Brief description of the Project

The purpose of this project is to see the popularity and other implications between company Huawei and Samsung based on the corresponding tweets data. Therefore, I first collected tweets data of two big companies, with hashtage #Huawei and #Samsung, by leveraging free twitter api on Oct 4th.
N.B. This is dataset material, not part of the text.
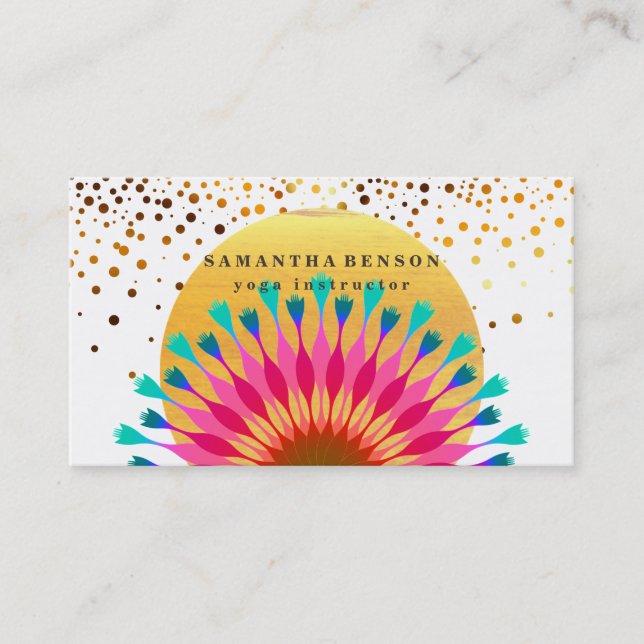 Elegante Lotus Blume Logo Yoga Visitenkarte (Vorderseite)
I analysis the data from following three questions in different aspects, including Polularity (number of tweets), Favority and Retweets, Date (created_at).
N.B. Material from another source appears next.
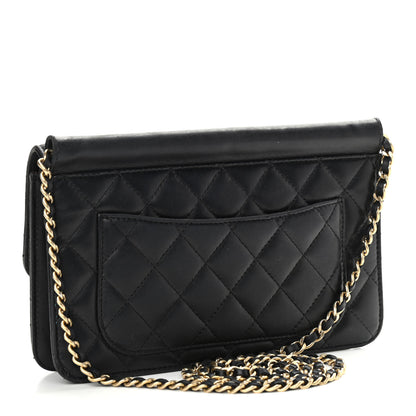Chanel Lambskin Quilted Medium Crossing Times Flap Black 2 of 13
Note that all analysis below is based on the data I collected, it may not accurate and only for academic analysis.

loading data: tweets with hashtags #huawei and #samsung

preprocess the data:

From the data we collected, we see that the date of each tweet is stored in column “created_at” in a string. Therefore, I change its format year-month-day-hour-minute-second, besides add an dummy name “Day of the Week” and “Hour of the Day” to store the date data

huawei$created_at <- ymd_hms(huawei$created_at)
huawei$Day_of_Week <- wday(as.Date(huawei$created_at),label=TRUE,week_start = 1)
huawei$Hour_of_Day <- hour(huawei$created_at)



samsung$created_at <- ymd_hms(samsung$created_at)
samsung$Day_of_Week  <- wday(as.Date(samsung$created_at),label=TRUE,week_start = 1)
samsung$Hour_of_Day  <- hour(samsung$created_at)

Question 1

Which brand (huawei or samsung) is more popular?

I analysis this question by considering those aspects:

Firstly, I analysis the number of the tweets for each brand, this indicates the popularity of each brand to some degree overall by presenting the corresponding table and bar figure based on the day. Overall, there are more number of tweets for Samsung than Huawei, which indicates that Samsung is more popular than Huawei. Obviously, people are talking about Huawei more often durning the weekend when they are in a short resting days. While people prefer to talk about Samsung in the first two days of the week
Secondly, by plotting the number of tweets per hour of each brand. I observed that people are talking about Huawei in the highest volumn from 11am-1pm. In other words, this may be because they were having a resting after a busy morning. Same observation for Samsung, it even more obvious for Samsung. The highest number tweets for Samsung is 601 at 12pm, and 301 at 1pm for Huawei. Samsung still has more tweets at each day. which still tells us that it more popular than Huawei

# Table by day of the week
huawei %>%
  group_by(Day_of_Week)%>%
  summarize(Total = n()) %>% 
  arrange(-Total) %>% 
  slice_max(Total,n=7) %>% 
  pander()

## `summarise()` ungrouping output (override with `.groups` argument)

Day_of_Week	Total
Sat	815
Sun	686
Thu	641
Wed	587
Tue	580
Fri	570
Mon	527

samsung %>%
  group_by(Day_of_Week)%>%
  summarize(Total = n()) %>% 
  arrange(-Total) %>% 
  slice_max(Total,n=7) %>% 
  pander()

## `summarise()` ungrouping output (override with `.groups` argument)

Day_of_Week	Total
Mon	2761
Tue	1885
Fri	860
Sat	770
Thu	751
Wed	714
Sun	604

# number of tweets by the day of the week
huawei %>% 
  group_by(Day_of_Week) %>% 
  summarize(Total = n()) %>% 
  arrange(-Total) %>% 
  slice_max(Total, n = 7) %>% 
  ggplot(aes(x = Day_of_Week, y = Total)) +
  geom_bar(stat = "identity", fill = "blue") +
  labs(x = "Day of the Week", y = "Count", title = "The Number of Tweets of Huawei per Day") +
  ylim(0,2800) + 
  geom_text(aes(label = Total), position = position_dodge(width=0.5),vjust = -0.5) +
  theme(plot.title = element_text(hjust = 0.5))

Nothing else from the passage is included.